As I understand it, BATF are actually legally (though not morally) in the right here.
The BB guns in question are replicas of an AR15 type rifle. Real AR15s have two major sections, the upper and lower receiver. In these BB guns, the lower receiver is actually identical (including the internal working parts) to a real lower receiver.
BATF regulations stipulate that it is the lower receiver that is the actual firearm. Upper receivers are unregulated, but lowers are considered firearms in their own right, even without a corresponding upper.
Since the lowers are identical to ‘real’ ones, they are themselves real. But unlike AR15 lower receivers sold on the civilian market today, these ‘replica’ lower receivers are capable of fully-automatic fire. That is to say, you could couple the replica lower with an upper (which you can buy online or in any gunstore) and make a machinegun.

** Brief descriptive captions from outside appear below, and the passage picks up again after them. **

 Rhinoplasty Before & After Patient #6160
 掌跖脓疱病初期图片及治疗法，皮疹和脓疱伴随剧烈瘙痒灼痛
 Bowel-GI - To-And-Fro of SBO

Where as combining an upper and lower both bought from gun stores would produce only a semi-auto AR15, using the lowers from these BB guns would actually make an illegal machinegun. But legally speaking, the lowers ARE machineguns in their own right, before you even attach them to an upper.
But really, why are machineguns illegal (largely) anyway? Because people were scared by a bunch of gangster movies that bore little relation to reality, where machineguns are rarely used by criminals, never were widely used even when openly available, and aren’t any deadlier than other firearms in most any plausible criminal scenario.